The Director of Research and Strategy at Chapel Hill Denham, Tajudeen Ibrahim said “Nigerian businesses are paying down on their Letters of Credit. This is an indication of an improvement in the dollar liquidity in the Nigerian financial system, largely on the back of CBN’s policy response to the dollar shortage in the system.
“The CBN at the last RDAS auction did sell some volume of dollars to companies to help them pay down on their foreign currency loans. One of the major companies that has been paying down on their letters of credit is MTN. I reckon they have paid about $300m in LCs, so corporations have been clearing their LCs because of the negative impact it is having on their earnings and balance sheet.
“The outlook in Letters of Credit to my mind is positive because I expect improvement liquidity in US dollars inflow into the economy and I reckon that Nigerian companies will pay down further on their LCs.”
For economy and capital market analyst, Rotimi Fakayejo, dollar liquidity plays a role in the decline recorded in the LCs payments.
He said, “FX availability is inconsistent. At a point, the supply was less and the banks were given the leeway to get whatever they needed, but typical of the banks, they were targeting profit and I believe that slowed down the process. The slow or reduced supply from the CBN has so much impact.
“If importers want to import and there is no access to FX or the express undertaking of Letters of Credit on their behalf is not done, it will affect their business. Also, if what they are importing is becoming increasingly difficult to sell and the market is no longer friendly, then you will also see a reduction in the LCs.
“For instance, the importation of vehicles has reduced, whether new cars or tokunbo. People are buying more Nigerian used cars, but the customs duty we know is subject to the foreign exchange rate and the government is flip-flopping about it. Every time, what we see is an increase, so it has an impact.”
Fakayejo noted that the exit of multinationals from the manufacturing sector is not new and has now spread to the oil and gas industry
He said, “I believe with the slowdown in the LCs, the overall effect should be positive for the economy because less of our foreign exchange will be used on importation and local production should be the order of the day. I believe that the overall effect should be positive for us.

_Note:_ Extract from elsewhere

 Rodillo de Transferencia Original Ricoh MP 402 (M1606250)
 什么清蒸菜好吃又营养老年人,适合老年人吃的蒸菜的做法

“Going forward, I don’t think the impact would be much. It is expected that by September, the local refinery will start producing and Dangote Refinery will start selling to the local market, which should mean more dollar availability because there would be less need to import PMS.
“So, we may see an improvement in the import receipts from the banks and increased LCs accessibility from the banks. I believe the slowdown is just for some time and the situation will improve.”
According to Tajudeen Olayinka, an Investment Banker and stockbroker, the decline in LC payments could be attributed to several factors. One possibility is a decrease in demand for imports due to the high cost of imported goods and consumer resistance. Another explanation is that importers may be exploring alternative financing options, such as open account trade, direct remittances, or bills for collection.
“The likelihood of these other credit options is very doubtful, given concerns of foreign exporters to poor credit ratings of local importers. Therefore, high cost of raising naira to finance imports and high exchange rate may be the other reasons for the observed slowdown in letters of credit issuances by Nigerian banks.
“The development has both positive and negative implications: (i)Positive in that it will create scarcity of foreign goods and a new desire to resort to local production to arrest scarcity, with improvement to Nigeria’s Balance of Trade and Exchange Rate of the naira in the long run. Negative, in that it will continue to cause a drag on the economy and high inflationary pressure in the immediate to near term,” he mentioned.